Titan! It looks great planet and it's a beautiful astronot. Thanks for sharing this post. I really like to know about galaxy. I want new start here as @studentoftheyear please support me here. Namaste!

One of my many favourite celestial bodies in our small corner of space!

Hi, I found some acronyms/abbreviations in this post. This is how they expand:

AcronymExplanation
JPLJet Propulsion Lab, Pasadena, California

planetforgium LittlePlanetFactory tweeted @ 21 Mar 2016 - 01:46 UTC

Planet Mars, vs the largest moon in the solar system (Ganymede) and the second largest (Titan) #Space #Astronomy https://t.co/tDn7TWRQx8

Disclaimer: I am just a bot trying to be helpful.

I hope we get back there soon, the lakes will be very interesting to explore!

Came here to chase you down :P Will you be doing photography tomorrow on the super blue blood moon tomorrow?

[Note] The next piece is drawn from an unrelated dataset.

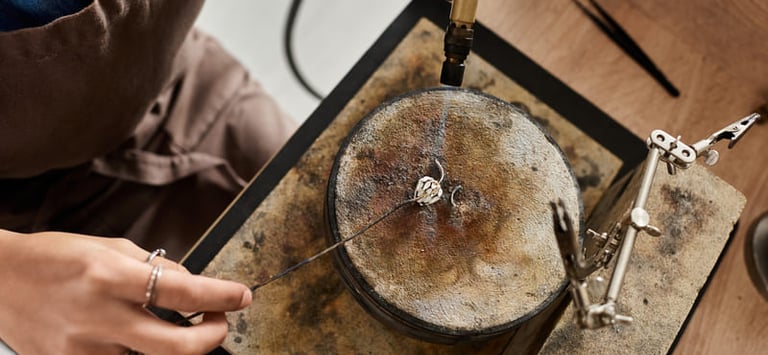 Joyero soldando un anillo de plata con soplete en el taller.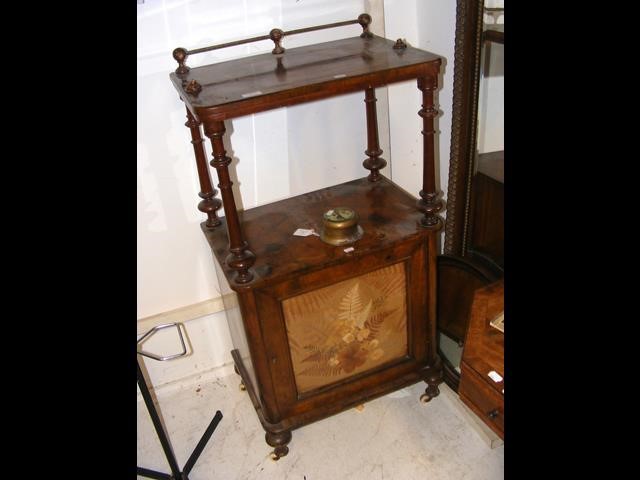 A Victorian walnut whatnot with cupboard below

I hope so, however the forecast here is for increasing cloud :(

I live in europe and I have the worst place possible for it :/

It's extremely early over here (3-6AM I think) so I'm debating whether or not to get up for it. Kind of cloudy here too. Hope the weather holds up for you!

Great information. Would this be a great source of fuel for future missions? The gravity well would be easier to extract the methane than on the gas giants.